Whats more? I’m OK with that.
However, now that we have together a loose routine I do want to try and add stuff to my day. After all, I plan on working full-time, taking care of my little man, getting back into shape (me time!), meeting up with friends and family, and blogging! Even if no one really reads my blogs it is nice to go back and read what I thought about things. I realized after having Evan you will stare at him and say “I hope I remember this for the rest of my life” but with a bit of sleep deprivation and lots on the to-do list, much of it gets lost. Thus, baby books, blogs and notes, are a great tool.
So what is my new “plan” – I want to make loose plans for my day/week.

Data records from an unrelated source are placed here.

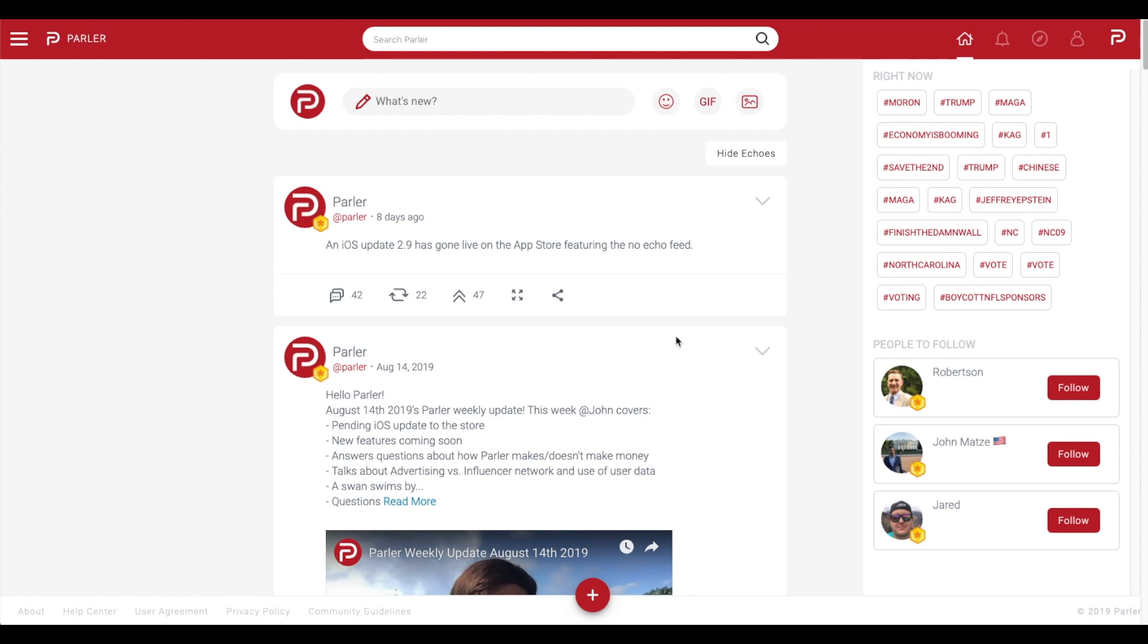Welcome to Parler 101. In this tutorial we're going to show you how to set up your Parler profile on your desktop.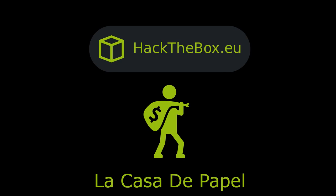What's going on YouTube, this is Ipsec, and we're doing La Casa de Papel from Hack the Box, which I believe is the Netflix show Money Heist that this box is loosely based upon.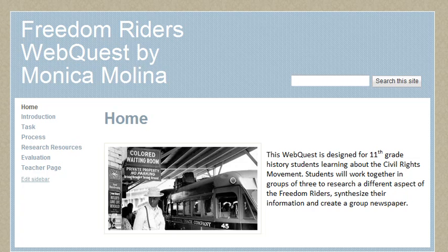Hi everyone, this is my Freedom Writers Web Quest. This web quest is designed for 11th grade history students learning about the Civil Rights Movement. This would be a great project to work in collaboration with a technology class or maybe an English class.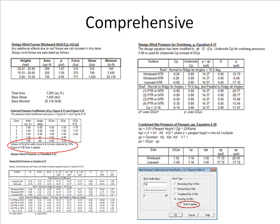The program follows the ASCE code to the letter. Every provision is fully considered, so you will have no worries. This includes all various notes, exceptions, special cases, and obscure provisions that make the ASCE code so frustrating.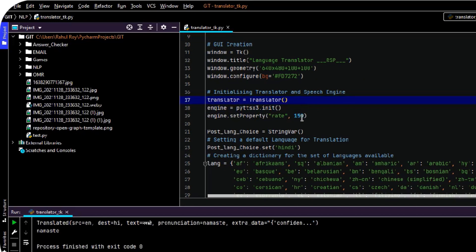By default, the property of the rate is 100. I feel like it is very slow, so I have increased it to 150.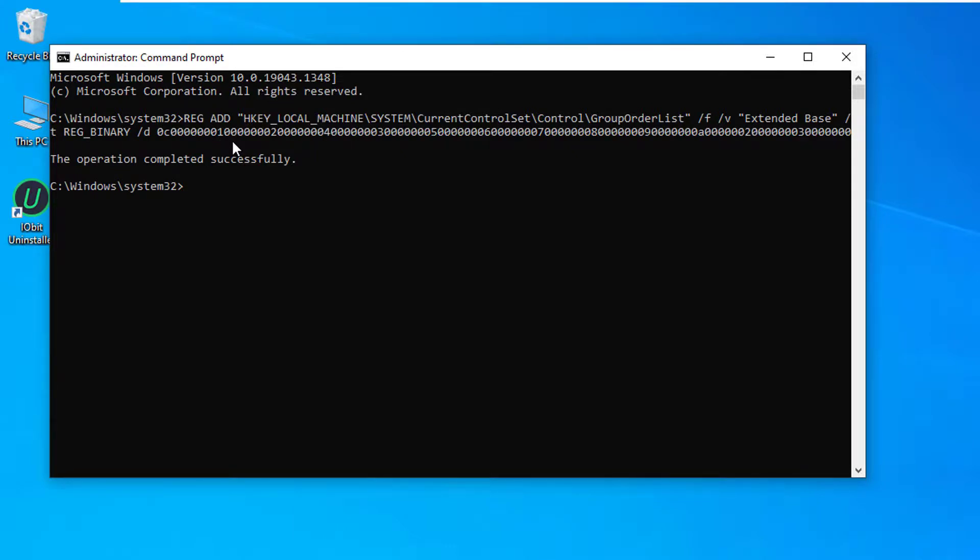That's it. You have successfully added a REG_BINARY value to your registry editor using the REG ADD command. If you are stuck at any of the steps, please tell us in the comments section.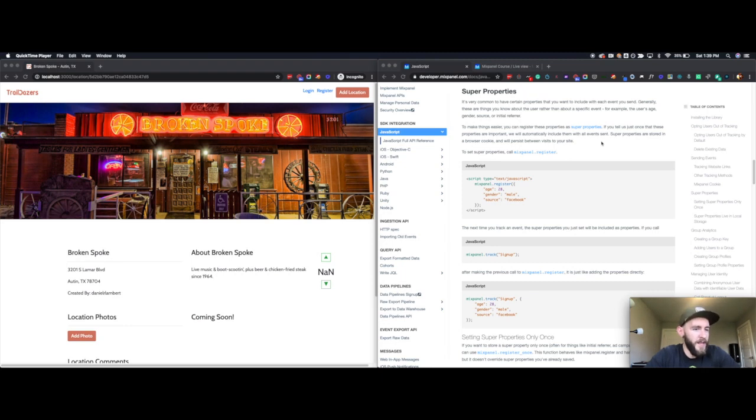Hello, everyone. This is Danny Lambert with Plush Republic. We're continuing along in the Mixpanel course.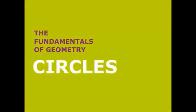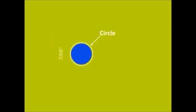The fundamentals of geometry: circles. This is a circle. A circle is made up of 360 degrees, and half of a circle is made up of 180 degrees. The radius is the distance from the center to the outside edge.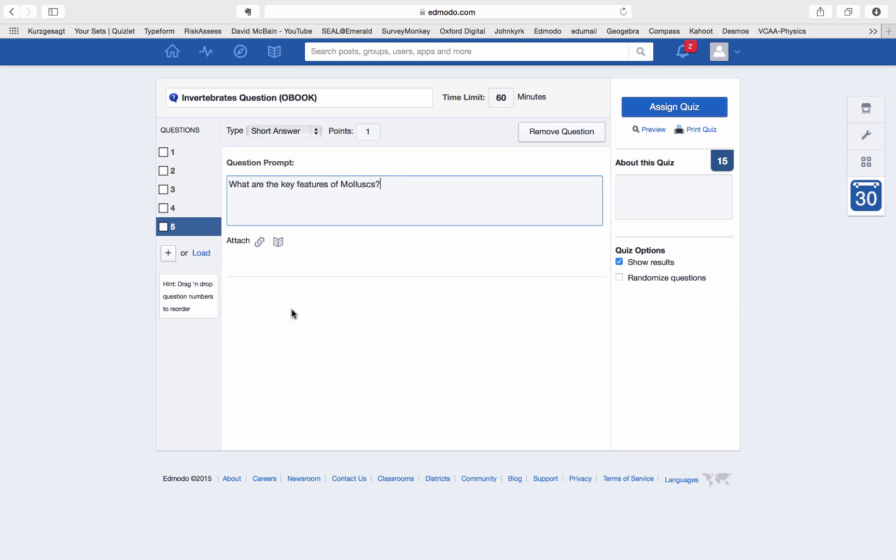That is to be completed by the end of the lesson. If not, that will be homework before the end of the week. You need to get that done.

Set up some goals, meal plans and shopping lists. I’ll wrap Evan in the Moby and go to town on getting some of these things done (but I won’t feel bad when I want to just cuddle and nap with my cutie, like we did today for an hour and half). I have found a big part of being a mom is you start something because it hits the brain, the baby cries you of course tend to him, and then when you are done you have forgotten what you started. Or you have spit up somewhere, have to change yourself, the baby and then you don’t have the energy to return the project. Oops. NBD. But if I had a list, those started projects or projects you would have liked to have started… at least you don’t totally forget about them. I’ve found lots of laundry sits too long and I have to rewash it, totally not environmentally friendly and what a wast of detergent. Seriously.
For some reason, motherhood has totally mellowed me out. I go with the flow and haven’t been too hard on myself. When I meet little goals like washing the floor, or dishes I consider those big wins… If I happen to fold and put away laundry, I almost feel like Gabby Douglas (I wanted to say Michael Phelps, but that is a strech, I’ll say that on a day when I do a workout, spend time with the baby, work and manage to eat, HAHA).

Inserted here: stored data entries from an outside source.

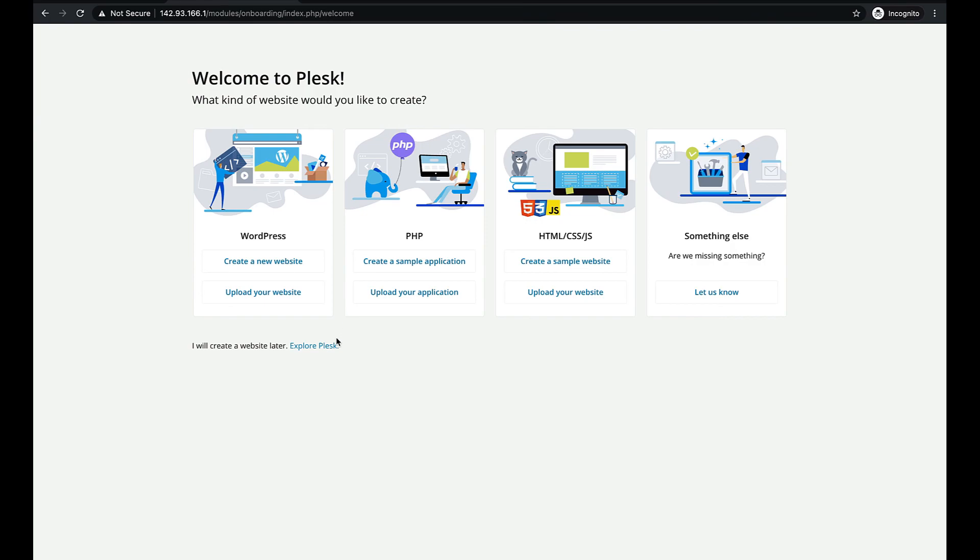We also recommend that you install available product updates. This will ensure your new server is up-to-date and secure.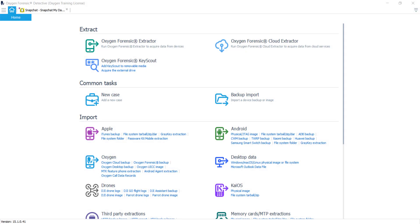Amanda Mahan here with the Oxygen Forensics Training Team. I'm here to show you a brand new feature in the Oxygen Forensic Detective update version 15.1.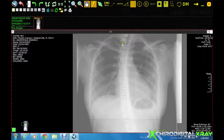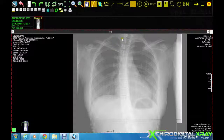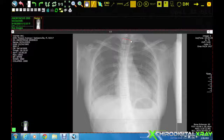Then click on the left aspect of the superior endplate of the most superior vertebra that contributes to the scoliosis. Then click on the right aspect of that same endplate.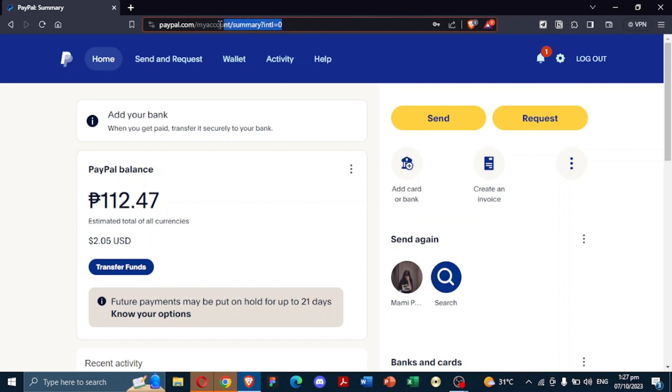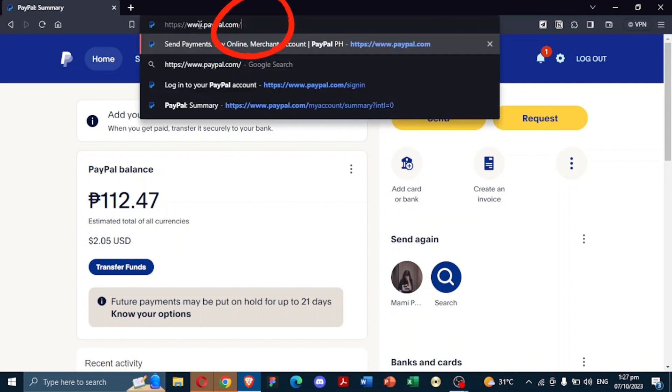Edit the URL and remove everything after paypal.com. Then type slash webouts. Then press enter.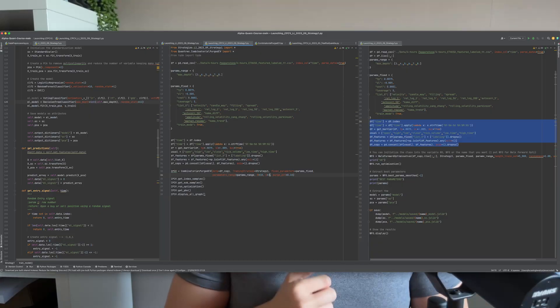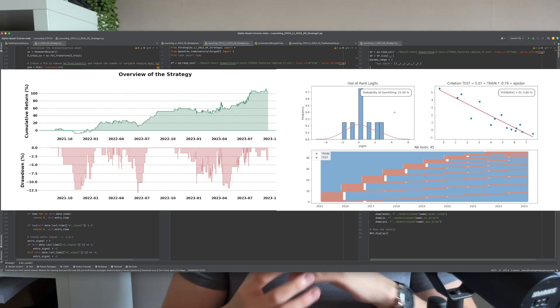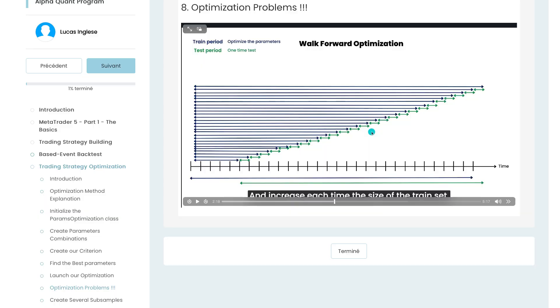A quick parenthesis: for this challenge I will create a lot of code. But for the strategy implementation, backtesting, and robustness tests, I will use the AlphaQuant program templates. For those of you who are in the program, it will obviously be much easier because you will already know a lot of what I use. For others, you can find a link in the description if you want to join our AlphaQuant program. But if you don't want to join, you can still follow the challenge for free on YouTube.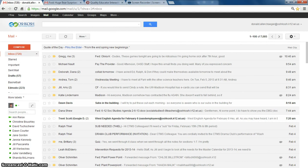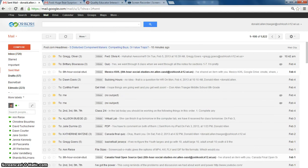Over here on the left, you have your inbox, you have sent mail, and drafts. Sent mail is anything that you had sent to other people, so you can look that up. Drafts are emails that you originally started to type and stopped working on before you sent them.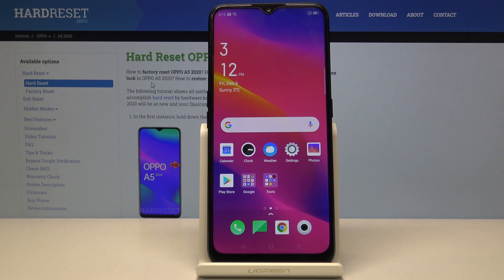Welcome from the Oppo A5 2020. Today I will show you how to access the recovery mode on this device.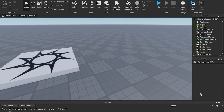Welcome back everybody to the Roblox Advanced Scripting Series. Today we're going to be talking all about magnitude as we get into part two of the series. Let's just go ahead and jump right into this.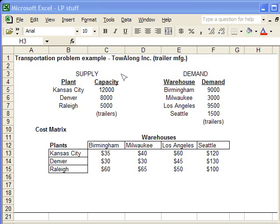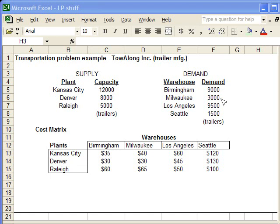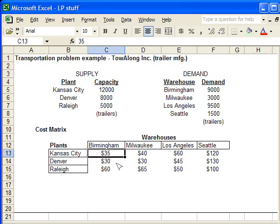We're using an example from Toa Long Incorporated — they manufacture trailers. They have plants in three locations: Kansas City, Denver, and Raleigh, with capacities listed here in trailers. They have warehouses in Birmingham, Milwaukee, Los Angeles, and Seattle with the respective demand needs. With this example problem we were also given the cost matrix, and in most problems you should be given all of this information.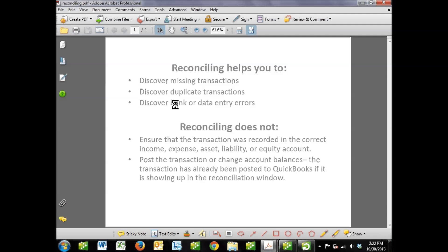We may also discover that we have miskeyed something, or maybe the bank has made an error. For example, they cashed a check for $750 that you really wrote out for $75. That doesn't happen often today, but it's possible and it does happen from time to time. Typically the errors are much smaller than that.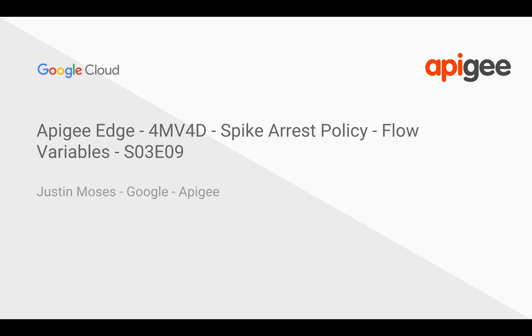My name is Justin, I'm a cloud platform sales engineer on Google's Apigee team and in this episode we're going to take a look at flow variables.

So today Hector gets home kind of early and we are going to grocery shopping. As soon as I’m done typing this I’m making a list of ingrediants for a couple meals I hope to cook this week and a couple quick eat ideas (making sure I have stuff for quick smoothies, and stuff to add to my oatmeal like nuts, dried fruit, etc.).
I have always been a pretty organized person, but suddenly I feel very unorganized and need to put stuff in order, because I think every night is going to be party night when I start back at work and knowing where things are, knowing what I need to get… Will be one less worry of mine.
Wish me luck!
Any of you have tips on how to stay organized? Do you meal plan for the week? How about prep? Like cook extra chicken for ease of use the next couple days (salads, snack?)?
I love this post! Everything you said is so true about motherhood. My aunt Bridget regularly comments on how laid back I have become since having Jack. I am probably the most unorganized person. I have no tips for you there. But I will say embracing being laid back is key and you have already found it. Sticky floors mean happy creative kids 🙂 There is this poem I love and live by. I remind myself of it whenever Jack is tugging at my legs and I am telling him to go play so I can do the dishes. This pops in my head, the last line especially and I usually stop and go play or cuddle with him.
Mother, O Mother, come shake out your cloth,
Empty the dustpan, poison the moth,
Hang out the washing, make up the bed,
Sew on a button and butter the bread.
Where is the mother whose house is so shocking?
She’s up in the nursery, blissfully rocking.
Oh, I’ve grown as shiftless as Little Boy Blue,
Lullabye, rockabye, lullabye loo.
Dishes are waiting and bills are past due
Pat-a-cake, darling, and peek, peekaboo
The shopping’s not done and there’s nothing for stew
And out in the yard there’s a hullabaloo
But I’m playing Kanga and this is my Roo
Look! Aren’t his eyes the most wonderful hue?
Lullabye, rockaby lullabye loo.
The cleaning and scrubbing can wait till tomorrow
But children grow up as I’ve learned to my sorrow.
So quiet down cobwebs; Dust go to sleep!
I’m rocking my baby and babies don’t keep.